Hignell, the founder of a full-service Airbnb and vacation-rental design and management firm called White Spider that owns/manages six homes spread across New Orleans, San Francisco, and the Portland area, says she relied on her own instincts for the remodel. First, she painted the exposed-brick, nonfunctional fireplace in the upper level living room white and made it gas-powered, and threw a black-and-white Marquis De Mod painting above the couch. Then she sprinkled religious iconography throughout and added leopard wallpaper in the bathroom.
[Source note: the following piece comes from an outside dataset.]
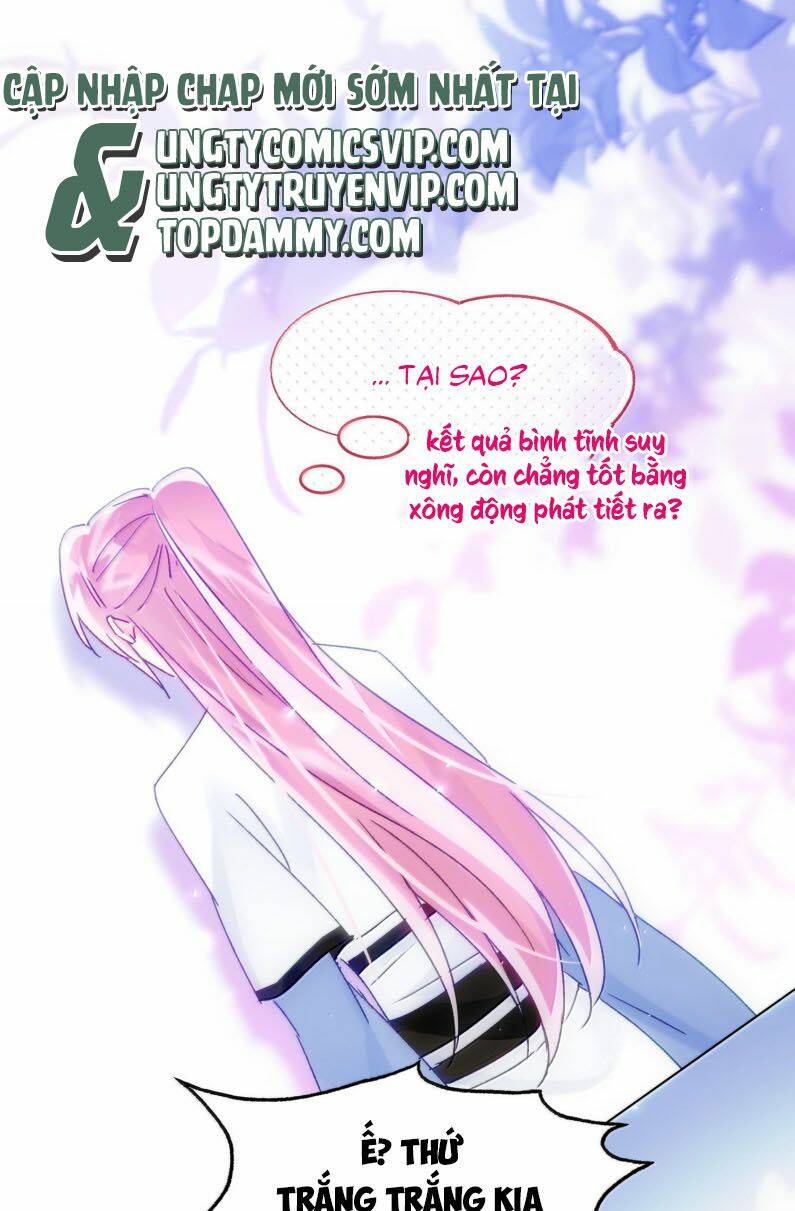 Tôi Phải Làm Một Kẻ Đại Xấu Xa - Chapter 131 - Page 53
“I was getting in the shower one day and was like, ‘You know, I don’t want to wallpaper an entire wall. I just want one sheet of paper,’” she remembers.
On the side deck, Hignell threw in a stone gas fire pit, framed against dark wood and bright green decorative plants, complete with an outdoor bar fashioned out of a vintage True beverage cooler. Hints of green (velvet chairs), red (patio umbrellas), and blue (a kitchen feature wall) break up the otherwise black-and-white scheme. Hignell decided not to deviate too much from the original aesthetic: “When we came in, it was black, cream, and gold,” she says.

She did, however, ditch the blue shag carpet and replace it with “gorgeous Berber.” The second living room sports a five-foot sofa, white walls accented by a black Z side table, a framed leopard king painting, and a sculpture refashioned with a gold lightning bolt, a nod to the immortal Ziggy Stardust. “It’s kind of a mashup of glam Hollywood Regency and postmodernism at this point,” Hignell says.
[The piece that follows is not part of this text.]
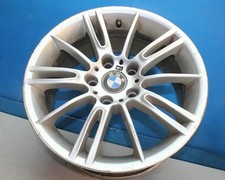 1x Alulfelge BMW Styling M 193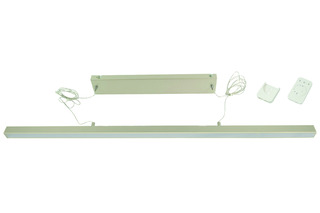 LED Pendelleuchten L&S Ice Emotion 230 V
That signature style came to include a saltwater pool, jetted tub, and “vertical dancing pole” equipped with fog machines and strobe lights outside. A major draw is Cabana’s dancing cage, which was salvaged from Embers, the iconic Portland gay bar and dance club that closed in 2017. And the “SIN WILL FIND YOU OUT” neon cross? Custom made by Carousel Lights for Pusha T’s Darkest Before Dawn: Prelude tour. A newer addition to one of Cabana’s bathrooms: a pop art painting of Madonna as the Virgin Mary, captioned “Get Naked” in neon print.
While Cabana is Hignell’s main home as well an Airbnb (the price varies with demand but can near $1,000 a night in high season), its steamy poolside and neon fixtures make it a hot ticket for music video shoots.

“We have a ton of videos being shot at Cabana all the time,” says Hignell. On Cabana’s Instagram, you can spy Portland’s own self-proclaimed “pop-princess” artist Tox!c posing in front of Pusha T’s cross, promoting her song “Tastes Like Summer.”
Though it isn’t a “party house” per se (under the auspices of Airbnb’s sacred rules), Hignell says the house is made for a little Airbnb-approved bacchanalia.
“Every single portion of my home is designed to be comfortable. I want people to relax, bring friends, break bread, drink wine, have a shot of tequila, whatever. I just want people to be really comfortable,” says Hignell. “That being said, people fall asleep all over my house.” And with four king beds, two massive sleeper sofas, cushioned lounge furniture scattered throughout every room, and condoms on hand in candy dishes or a vintage condom dispenser on the deck, getting cozy in Cabana is pretty easy.